Tunçbilek’e, nam-ı diğer enerji şehrine, giriyoruz. Santralin etkisinden mi bilinmez burada hava daha puslu. Gönül ister bütün enerjimizi temiz kaynaklardan sağlayalım, yaşlı Dünyamızı daha fazla yormayalım. Gerçi Dünyadan çok bu kendimiz ve çocuklarımız için önemli. Sonuçta Dünya üzerinden bir çok canlı türü geldi geçti. Doğa ana isterse bir ayar çeker biz de dinazorlar gibi tarihteki yerimizi alırız. Bundan 100.000 sene sonra da burada olacağımızın bir garantisi var mı?

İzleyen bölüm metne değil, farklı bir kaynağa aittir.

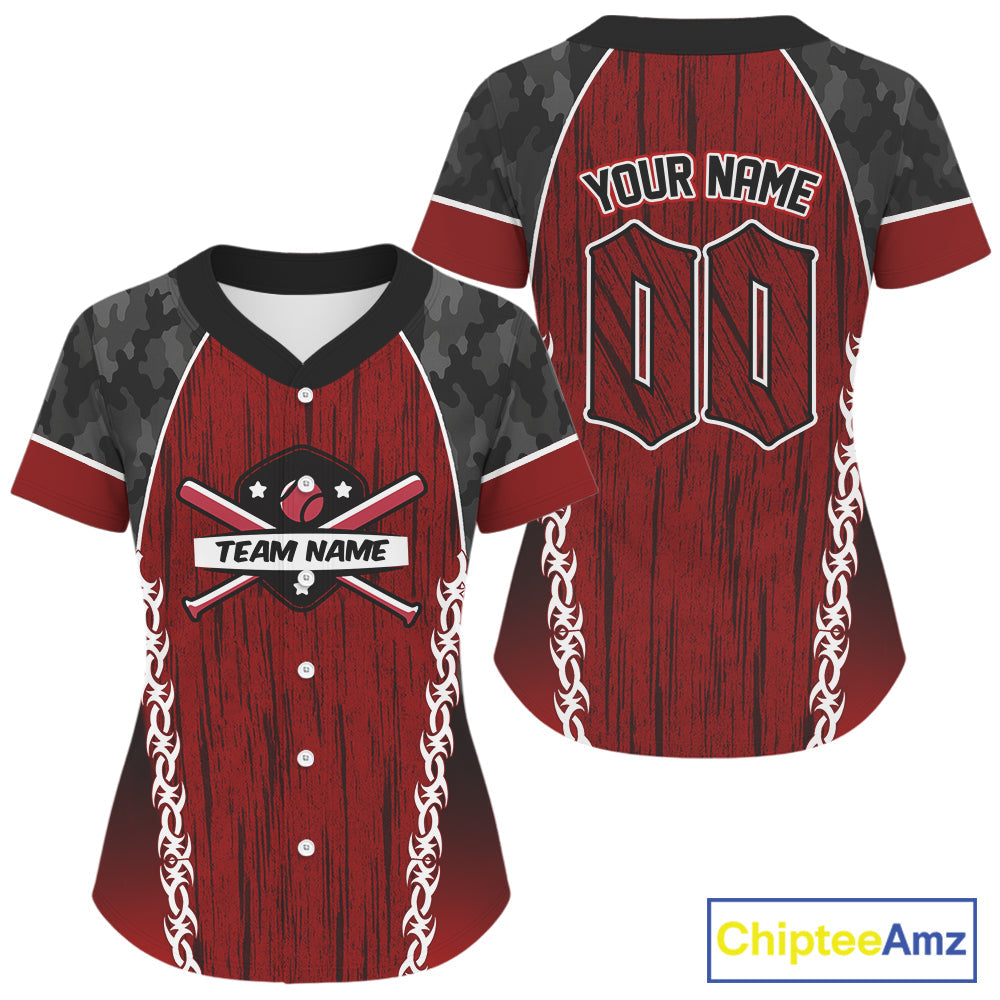 Custom Black Camoflage And Red Grunge Baseball Shirt Baseball Uniform Jerseys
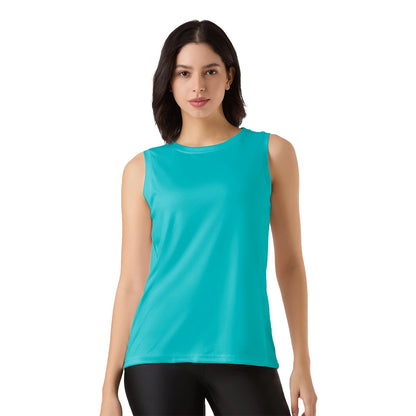 teal tank top women, racerback singlet, women sleeveless gym shirt, dry fit workout top, women's summer tank, teal activewear, gym singlet for women, breathable tank tops, gym tank top teal, lightweight racerback, sweat-wicking gym top, scoop neck tank women, gymwear tops women
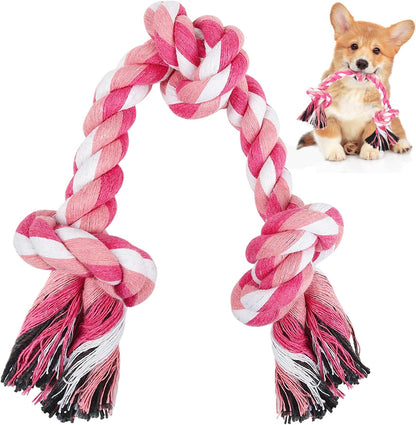 SZEE Dog Rope Toy 2 Pack, Rope Toys for Dogs, Chew Ropes for Small Breeds Puppies, Pull Toy for Tug of War, Energy Release, Boredom Relief and Teeth Cleaning, 3 Knots 14 inches (Pink & Orange) - Image 11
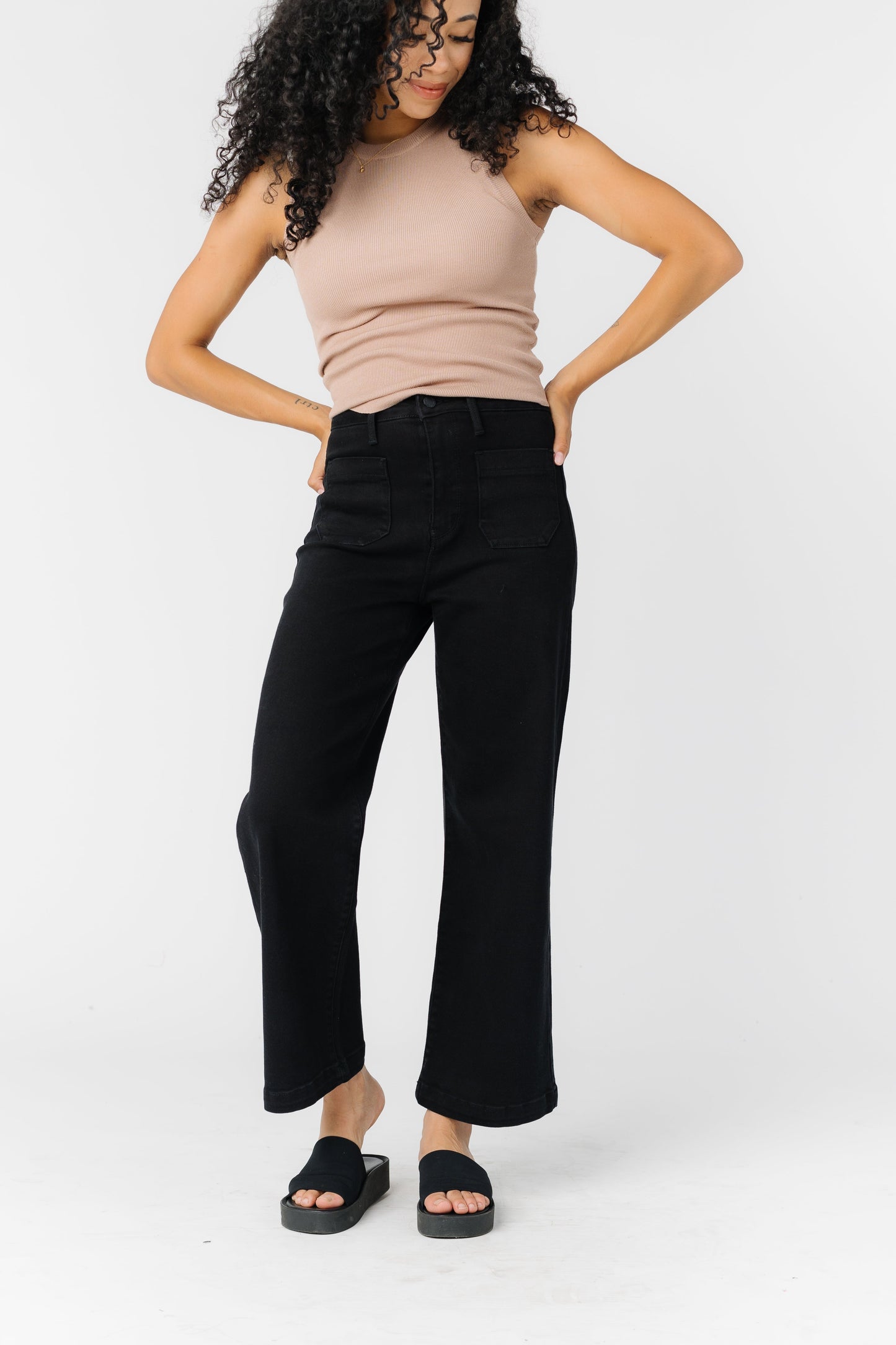 Date Time Pocket Wide Leg Denim - Black WOMEN'S DENIM Just Panmaco Inc. Black 24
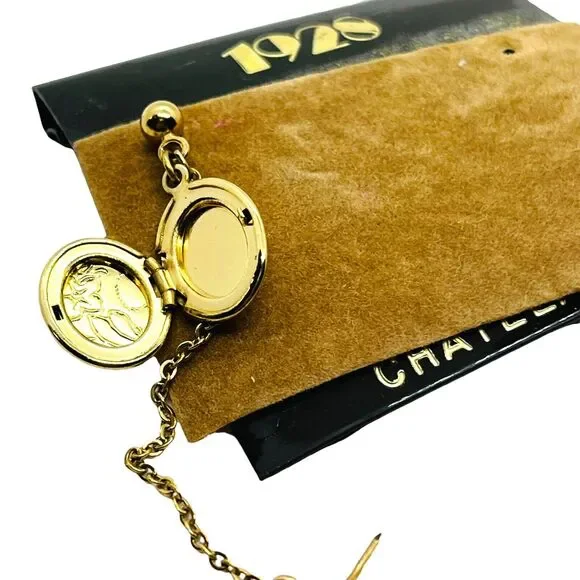 Chatelaine Locket Brooch Pin Vintage 1928 Womens Gold Tone Round Link Chain Mini - Picture 2 of 13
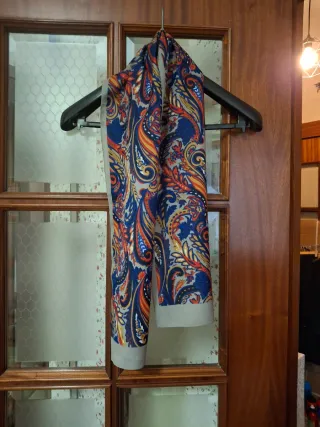 Foulard donna fantasia blu e arancio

Domaniç’ten sonra ufak bir yol karışıklığı yaşadık. Bir anda kendimizi Tavşanlı’da bulduk. Ben navigasyonu açtım. Sapağı 6km önce kaçırmışız. Tunçbilek’in içinde sağa dönecekmişiz. Tornistan yapıp yeniden Tunçbilek’e döndük. Ve işte Keles yolundayız. Yol kah yükseliyor kah alçalıyor, kah meyve ağaçlarının arasından, kah kara çam ormanlarının yanından geçiyor, değişmeyen tek şey keyifli virajlar.


Keles’e ulaşınca yanlışlıkla ilçenin içine de girdik. Eh Alp’e malzeme verdik ama burayı da görmüş olduk fena mı? Bir de az daha Buke’yi deviriyordum. Yokuşta yol soracağız diye ikinci viteste motoru kaldırmışım. Haliyle istop etti, edince de sağa doğru yattı. Ben can havliyle ayağımı yere koyup tuttum koca oğlanı.



Keles-Bursa arası yol biraz genişledi ve asfalt kalitesine bağlı olarak hızlandı. Artık Bursa’ya yaklaşıyorduk. Haliyle trafik de arttı. Manzara ise her daim şahane. Sol tarafımıza Nilüfer Çayını aldık. Nilüfer Barajını da arkamızda bırakıp Bursa’ya girdik.




Yalova yoluna girip Bursa Modern’in satış ofisinde Deniz ile buluştuk. Bursa Modern Sinpaş GYO’nun gerçekleştirdiği devasa bir konut projesi. Şöyle ki Bursa’nın en büyük konut projesi. Deniz de pazarlama müdürü. Sinpaş’ın bir çok projesinde ana tema olan “su” burada da kendini gösteriyor. Projenin göbeğinde 26000 metrekarelik kocaman bir yapay göl var. Henüz su tutmaya başlamamışlar. Deniz, bu reklam için seninle görüşeceğiz :).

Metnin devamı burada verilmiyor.